Home Opinion Editorials Playing a waiting game with Wallowa wolves
Playing a waiting game with Wallowa wolves
We’ve begun to reconsider our optimism about the prospect that wolves will return to some of their former habitat in Oregon in anything resembling a peaceful manner.
Based on the exploits this year of the Imnaha wolf pack — until recently the biggest of Oregon’s three packs — our earlier sense of hope is being replaced by skepticism.
Last week the Oregon Department of Fish and Wildlife (ODFW), which manages wolves in far Eastern Oregon, announced that its agents would kill two of the four remaining Imnaha wolves. One of the targeted wolves is the pack’s alpha, or breeding, male.
ODFW killed two other Imnaha wolves in May.

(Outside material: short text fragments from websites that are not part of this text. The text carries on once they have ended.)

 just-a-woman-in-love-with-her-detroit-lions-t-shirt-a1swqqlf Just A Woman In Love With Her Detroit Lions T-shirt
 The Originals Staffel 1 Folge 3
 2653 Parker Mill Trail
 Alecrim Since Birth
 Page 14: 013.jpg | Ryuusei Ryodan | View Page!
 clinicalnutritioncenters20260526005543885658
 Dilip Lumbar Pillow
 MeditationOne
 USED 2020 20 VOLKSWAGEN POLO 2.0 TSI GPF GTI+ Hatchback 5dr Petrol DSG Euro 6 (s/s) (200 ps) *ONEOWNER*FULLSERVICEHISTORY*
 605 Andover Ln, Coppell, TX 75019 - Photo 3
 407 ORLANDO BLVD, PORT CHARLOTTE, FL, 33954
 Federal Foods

Russ Morgan, the agency’s wolf coordinator, acknowledged that paring the Imnaha pack to two wolves — the alpha female and her pup — could spell the end of the Imnaha group as a viable pack.

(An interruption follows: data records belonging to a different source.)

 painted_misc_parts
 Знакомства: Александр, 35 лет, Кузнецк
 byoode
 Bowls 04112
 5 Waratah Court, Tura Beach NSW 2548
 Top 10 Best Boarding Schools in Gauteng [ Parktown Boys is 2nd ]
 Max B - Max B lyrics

In each case, ODFW issued the kill order after officials confirmed that Imnaha wolves had killed cattle in Wallowa County.
Oregon’s wolf management plan authorizes the agency to kill wolves that repeatedly attack livestock.
But the wolf plan also lists as one of its main goals the establishment of at least four breeding packs in this region.
The question is whether the state can achieve that goal while simultaneously complying with the wolf plan’s livestock-protection measures.
Considering that the Imnaha pack has dwindled from more than a dozen wolves to, potentially, as few as two in just a couple years, we’re not confident that ODFW, at least in the Wallowa Valley, can answer “yes.”
It may be, just as skeptics have argued for more than a decade, that Oregon lacks the sheer acreage of suitable habitat that has allowed wolves to multiply rapidly in Idaho and Montana.
On the positive side, the shrinking of the Imnaha pack is not due solely, or even mainly, to wolves attacking livestock.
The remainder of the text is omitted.